Extracted information START

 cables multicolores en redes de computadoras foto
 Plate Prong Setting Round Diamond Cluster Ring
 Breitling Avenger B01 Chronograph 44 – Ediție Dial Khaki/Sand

Extracted information END
Extracted information START

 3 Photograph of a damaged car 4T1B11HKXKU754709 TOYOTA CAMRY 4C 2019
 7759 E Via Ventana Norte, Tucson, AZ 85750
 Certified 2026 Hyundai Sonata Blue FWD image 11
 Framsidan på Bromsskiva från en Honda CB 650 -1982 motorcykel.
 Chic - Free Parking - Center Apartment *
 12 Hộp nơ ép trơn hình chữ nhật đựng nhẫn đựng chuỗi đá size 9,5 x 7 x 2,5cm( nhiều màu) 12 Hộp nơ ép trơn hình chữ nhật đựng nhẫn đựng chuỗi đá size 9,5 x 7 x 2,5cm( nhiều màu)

Extracted information END
Extracted information START

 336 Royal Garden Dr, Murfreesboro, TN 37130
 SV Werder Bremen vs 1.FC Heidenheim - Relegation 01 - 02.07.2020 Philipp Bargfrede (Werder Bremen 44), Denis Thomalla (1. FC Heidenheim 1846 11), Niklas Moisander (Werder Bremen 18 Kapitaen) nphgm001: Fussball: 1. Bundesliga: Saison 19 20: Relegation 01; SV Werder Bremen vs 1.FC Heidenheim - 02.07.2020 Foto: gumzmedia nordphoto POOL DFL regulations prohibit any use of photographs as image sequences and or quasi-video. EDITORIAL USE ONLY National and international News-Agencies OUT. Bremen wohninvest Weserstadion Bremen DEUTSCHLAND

Extracted information END

### Work instruction
Copy word for word the stretch of entries above from the line that has "cables multicolores en" through the line that has "Breitling Avenger B01", both ends included, and nothing outside it.

### Output for this task
 cables multicolores en redes de computadoras foto
 Plate Prong Setting Round Diamond Cluster Ring
 Breitling Avenger B01 Chronograph 44 – Ediție Dial Khaki/Sand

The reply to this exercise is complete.